Senin, 10 Agustus 2015

Hidup Bersahaja Di Rammang-rammang


Oleh: Indah A. Febriany

            Hijau,
            Gemericik,
            Helaan nafas alam terdengar layaknya orkestra megah,        
            Ombak kecil sesekali merayu penumpang kapal tuk tak memalingkan wajah,          
            Suasana tenang membius batin,
            Hamparan karst menyambut setiap orang dengan tangan terbuka,
            Gugusan kecil batu karang menjadi penunjuk jalan,
            Lorong-lorong karst seakan ingin memeluk erat setiap pengunjung.

            Menghabiskan malam di Rammang-rammang menjadi pengalaman pertama bagiku, setelah beberapa tahun lebih nyaman berdiam diri dalam kehangatan rumah. Kasur yang embuk serta suhu yang terjaga, sedikit harus ditinggalkan ketika Anda memutuskan untuk bermalam di daerah yang namanya memiliki arti “kabut.”
            Daerah yang baru terjamah sekitar awal 2000-an ini terletak di Desa Salenrang, kecamatan Bontoa, Kabupaten Maros, Sulawesi Selatan. Meski sudah satu dekade lebih Rammang-rammang dijadikan objek wisata, namun urusan akomodasi masih terbilang agak sulit, apalagi bagi para pelancong yang datang dari luar kota. Kecuali, jika nantinya pemerintah daerah Maros menyediakan mobil wisata yang akan mengantar pengunjung hingga ke dermaga Rammang-rammang.

            Ketika sampai di dermaga, rasa khawatir sedikit berkurang. Ini lantaran, perahu wisata milik warga sudah siap mengantarkan setiap pengunjung. Namun, ketika Anda memilih untuk jalur darat juga bisa, tetapi harus sabar menembuh perjalanan kurang lebih 2 jam perjalanan jika Anda berangkat dari kota Makassar.
            Bayangan kabut atau awan tipis seketika menggodaku ketika mata menangkap pegunungan karst yang terhampar sejauh mata memandang. Aliran sungai Pute yang sedikit keru, mengayun lembut perahu yang dijalankan menggunakan bantuan mesin. Tetapi, sesekali mesin perahu harus dimatikan, apalagi ketika di wilayah yang cukup sempit dan perahu yang saya tumpangi berpapasan dengan perahu yang lain.
            Betapa ahli para pemilik perahu, ketika harus berbelok diantara karang yang tersusun tak beraturan. Ibarat sirkuit laga yang mengharuskan si pemilik kendaraan meliak-liuk menghindari karang. Perjalanan yang tak pernah terbayangkan sebelumnya, apalagi berada di tengah pohon nipah dan pohon bakau khas sungai yang berair payau. Apalagi, model setiap batuan karst yang unik menambah keeksotisan tempat yang masih jarang dijamah oleh para pelancong lokal dan mancanegara. Padahal, taman hutan batu kapur di wilayah Maros-Pangkep ini, satu-satunya di Indonesia. Bukan hanya itu, Rammang-rammang juga tercatat sebagai pegunungan batu kabur terbesar ketiga di dunia, setelah taman hutan batu Tsingy di Madagaskar dan taman hutan batu Shilin yang berada di Tiongkok.   
Seketika udara menjadi agak sedikit pengap ketika perahu melintas lebih dekat dengan kawasan pegunungan karst. Tetapi, pengapnya hilang terganti takjub yang tak terkira. Ibarat masuk dalam lorong waktu yang sedikit diterangi cahaya persis berada di atas kepala. Relief permukaan batu karst begitu menggoda untuk diamati.

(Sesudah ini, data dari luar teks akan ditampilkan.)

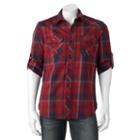 Big & Tall Rock & Republic Classic-fit Plaid Stretch Roll-tab Button-down Shirt, Men's, Size: 3xl Tall, Med Red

            Panas yang menyengat ketika perahu kami merapat di ujung dermaga, lebih tepatnya bisa dikatakan daratan yang sangat dekat dengan bebatuan karst. Welcome to dermaga kampong Berua. Menyenangkan! Bisa Anda bayangkan bukan, apalagi yang akan dijumpai ketika Anda berada di Kampung Berua.
            Beberapa orang terlihat sudah mendirikan tenda ketika kami sampai. Saya hanya mampu duduk termangu menatap pegunungan karst yang tinggi menjulang, sembari menarik nafas menghirup segarnya udara yang masih tak terjamah oleh polusi.
            Keramahan penduduk menyambut setiap orang pun begitu menyentuh, senyum kegembiraan mereka. Mungkin saja karena Rammang-rammang jarang dikunjungi tamu yang begitu banyak. Ditambah lagi petinggi Sulsel akan bertandan membuka sebuah event bergengsi bertajuk “Fullmoon Festival.”

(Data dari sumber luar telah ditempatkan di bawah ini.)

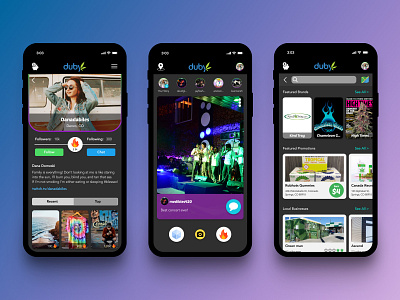 Duby App app design instagram ui ux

            Keramahan penduduk di Rammang-rammang begitu bersahaja. Senyum tulus mereka menandakan keluguan yang merindukan sapaan lebih banyak pengunjung. Ibarat ruang tamu, Rammang-rammang jarang digunakan untuk menjamu. Hanya dibiarkan membisu dengan keindahan yang tersembunyi diantara pegunungan batu karst. Sejumlah objek wisata lainnya juga akan membuat Anda semakin kagum, seperti telaga bidadari, gua bulu’ barakka’, ada juga gua telapak tangan, dan gua pasaung.
            Taman Hutan Batu Rammang-rammang menunggu lebih banyak orang untuk berkunjung. Senyum Anda harapan baik bagi para penduduk untuk memperbaiki perekonomian rakyat mereka. Pastikan destinasi akhir pecan Anda dan keluarga ke Rammang-rammang.